__Task to complete__.
Wherever a picture appears in the listing, leave it out, and copy the rest exactly.

__Data provided__.

= = = = = = =

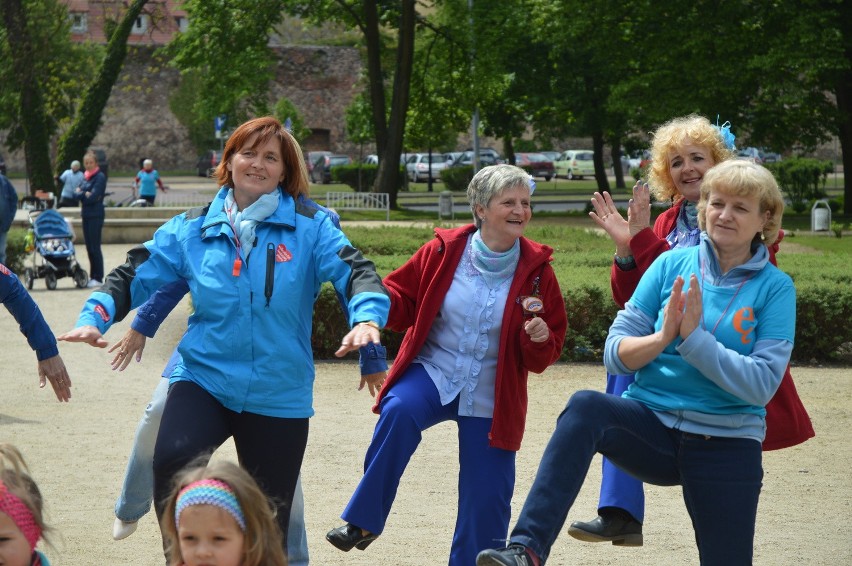 Zumba w wykonaniu pań z Uniwersytetu Trzeciego Wieku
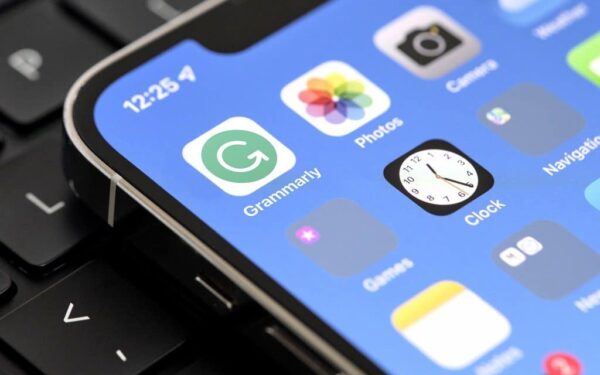 Forfatter saksøker Grammarly for uautorisert bruk av verk i AI-redigering og profilbygging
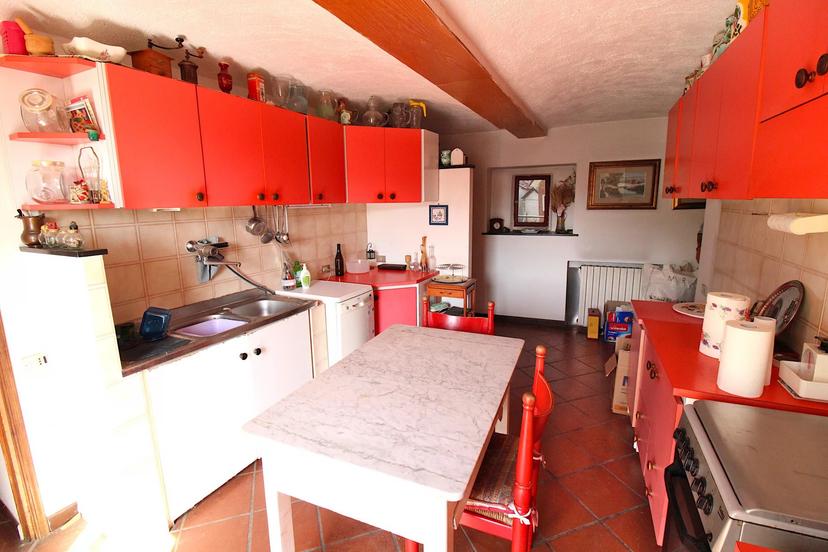 Appartamento in Corsione, Corsione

= = = = = = =

__Solution for this task__.
 Zumba w wykonaniu pań z Uniwersytetu Trzeciego Wieku
 Forfatter saksøker Grammarly for uautorisert bruk av verk i AI-redigering og profilbygging
 Appartamento in Corsione, Corsione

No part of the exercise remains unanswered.